Start of DATA PROVIDED
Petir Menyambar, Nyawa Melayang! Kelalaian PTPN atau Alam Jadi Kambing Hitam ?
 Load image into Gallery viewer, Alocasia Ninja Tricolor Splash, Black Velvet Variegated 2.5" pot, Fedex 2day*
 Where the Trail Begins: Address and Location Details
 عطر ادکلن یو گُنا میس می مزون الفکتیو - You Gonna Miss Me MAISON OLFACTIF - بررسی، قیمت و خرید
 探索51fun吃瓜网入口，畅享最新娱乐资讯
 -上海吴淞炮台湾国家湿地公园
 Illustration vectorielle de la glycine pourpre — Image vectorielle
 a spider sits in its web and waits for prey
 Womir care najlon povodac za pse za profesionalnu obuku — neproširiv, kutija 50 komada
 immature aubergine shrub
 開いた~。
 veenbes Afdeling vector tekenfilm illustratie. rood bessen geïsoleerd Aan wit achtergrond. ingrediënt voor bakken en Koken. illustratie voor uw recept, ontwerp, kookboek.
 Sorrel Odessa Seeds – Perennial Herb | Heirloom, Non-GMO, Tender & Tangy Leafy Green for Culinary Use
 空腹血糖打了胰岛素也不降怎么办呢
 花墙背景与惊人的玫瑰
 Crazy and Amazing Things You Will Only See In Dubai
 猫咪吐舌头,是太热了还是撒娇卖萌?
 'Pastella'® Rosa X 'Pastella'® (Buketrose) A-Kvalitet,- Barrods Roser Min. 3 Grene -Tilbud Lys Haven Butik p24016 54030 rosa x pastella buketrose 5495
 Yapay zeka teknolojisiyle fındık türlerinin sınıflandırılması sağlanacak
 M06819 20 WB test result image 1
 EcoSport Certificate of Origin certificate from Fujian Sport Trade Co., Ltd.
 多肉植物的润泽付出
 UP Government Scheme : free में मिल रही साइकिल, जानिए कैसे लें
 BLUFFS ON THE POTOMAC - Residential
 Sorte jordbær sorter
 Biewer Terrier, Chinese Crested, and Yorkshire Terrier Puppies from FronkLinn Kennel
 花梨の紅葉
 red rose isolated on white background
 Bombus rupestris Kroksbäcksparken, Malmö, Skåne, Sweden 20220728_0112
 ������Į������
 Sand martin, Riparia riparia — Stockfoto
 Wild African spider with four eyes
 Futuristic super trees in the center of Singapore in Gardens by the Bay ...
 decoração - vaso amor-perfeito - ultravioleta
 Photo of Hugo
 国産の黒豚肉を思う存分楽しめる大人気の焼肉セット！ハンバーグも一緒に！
End of DATA PROVIDED
* TASK OBJECTIVE
Complete, exact output of the records is expected.

* YOUR RESPONSE
Petir Menyambar, Nyawa Melayang! Kelalaian PTPN atau Alam Jadi Kambing Hitam ?
 Load image into Gallery viewer, Alocasia Ninja Tricolor Splash, Black Velvet Variegated 2.5" pot, Fedex 2day*
 Where the Trail Begins: Address and Location Details
 عطر ادکلن یو گُنا میس می مزون الفکتیو - You Gonna Miss Me MAISON OLFACTIF - بررسی، قیمت و خرید
 探索51fun吃瓜网入口，畅享最新娱乐资讯
 -上海吴淞炮台湾国家湿地公园
 Illustration vectorielle de la glycine pourpre — Image vectorielle
 a spider sits in its web and waits for prey
 Womir care najlon povodac za pse za profesionalnu obuku — neproširiv, kutija 50 komada
 immature aubergine shrub
 開いた~。
 veenbes Afdeling vector tekenfilm illustratie. rood bessen geïsoleerd Aan wit achtergrond. ingrediënt voor bakken en Koken. illustratie voor uw recept, ontwerp, kookboek.
 Sorrel Odessa Seeds – Perennial Herb | Heirloom, Non-GMO, Tender & Tangy Leafy Green for Culinary Use
 空腹血糖打了胰岛素也不降怎么办呢
 花墙背景与惊人的玫瑰
 Crazy and Amazing Things You Will Only See In Dubai
 猫咪吐舌头,是太热了还是撒娇卖萌?
 'Pastella'® Rosa X 'Pastella'® (Buketrose) A-Kvalitet,- Barrods Roser Min. 3 Grene -Tilbud Lys Haven Butik p24016 54030 rosa x pastella buketrose 5495
 Yapay zeka teknolojisiyle fındık türlerinin sınıflandırılması sağlanacak
 M06819 20 WB test result image 1
 EcoSport Certificate of Origin certificate from Fujian Sport Trade Co., Ltd.
 多肉植物的润泽付出
 UP Government Scheme : free में मिल रही साइकिल, जानिए कैसे लें
 BLUFFS ON THE POTOMAC - Residential
 Sorte jordbær sorter
 Biewer Terrier, Chinese Crested, and Yorkshire Terrier Puppies from FronkLinn Kennel
 花梨の紅葉
 red rose isolated on white background
 Bombus rupestris Kroksbäcksparken, Malmö, Skåne, Sweden 20220728_0112
 ������Į������
 Sand martin, Riparia riparia — Stockfoto
 Wild African spider with four eyes
 Futuristic super trees in the center of Singapore in Gardens by the Bay ...
 decoração - vaso amor-perfeito - ultravioleta
 Photo of Hugo
 国産の黒豚肉を思う存分楽しめる大人気の焼肉セット！ハンバーグも一緒に！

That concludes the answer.